So the two approaches give different answer. Of course, in reality there is dissipation everywhere so the non-zero average power is a welcome result, but it is not clear to me how it comes about.

It is quite common to think that dissipation is not due to the system itself (which is impossible if it is a Hamiltonian system), but due to action of external forces, e.g. due to bath or other bodies. However, the manipulation of the Fermi golden rule does not carry such idea of bodies external to the system. I think that this is because it is just a descriptive model "what roughly happens" and it should be supported or replaced by a more detailed theory.
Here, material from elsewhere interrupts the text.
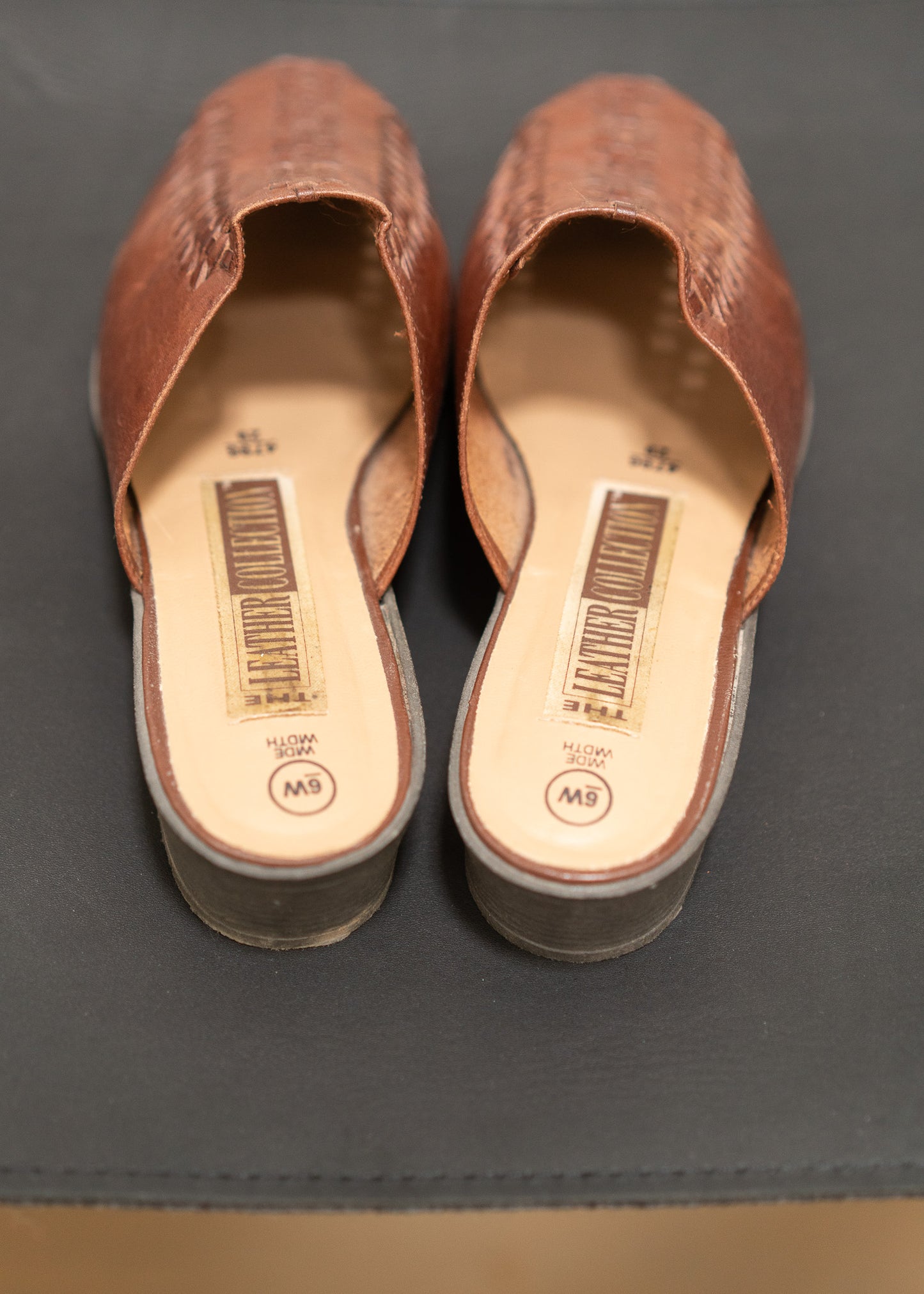 Pair of brown mules with visible brand labels on a gray surface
I wonder, do you know of some way to derive the above Callen and Welton's formula for dissipated power using instead the approaches studied in non-equilibrium statistical physics, like stochastic Schroedinger equation, or via reduced density matrix calculations? Or alternatively, to derive the Fermi golden rule in this way?

2. Mar 27, 2013

### Jano L.

The question is probably too difficult. I'll try to ask differently. Do you think there is some derivation of the "Fermi golden rule" which does not just assume quantum jumps but shows how the quantum jumps arise effectively from Schroedinger's equation?

3. Mar 27, 2013

### psmt

Fermi's golden rule comes from the expansion of the time evolution operator to first order in the interaction Hamiltonian, in other words directly from the Schroedinger equation. "Quantum jumps" are not something put in by hand. What the rule tells you is the overlap (squared) of eigenstates of the free Hamiltonian with the state the system has evolved into, and this is turn tells you the probability of the system collapsing into a particular free eigenstate if you come along and measure the energy. Does that help?

4. Mar 27, 2013

### Jano L.

I am afraid this is not how the rule is often used. Callen and Welton do not have any measurement of energy in their derivation. They use the golden rule formula in such way that it suggests that the system jumps autonomously and randomly, and the rule serves just to find the rate of these jumps. I think this is how the rule is often used when some known external perturbation acts on the system.

5. Mar 27, 2013

### psmt

Good point. Could rapid decoherence in real systems be the resolution of this? (I don't mean a mathematically rigorous resolution, just that interactions with the enviroment can act like a measurement.)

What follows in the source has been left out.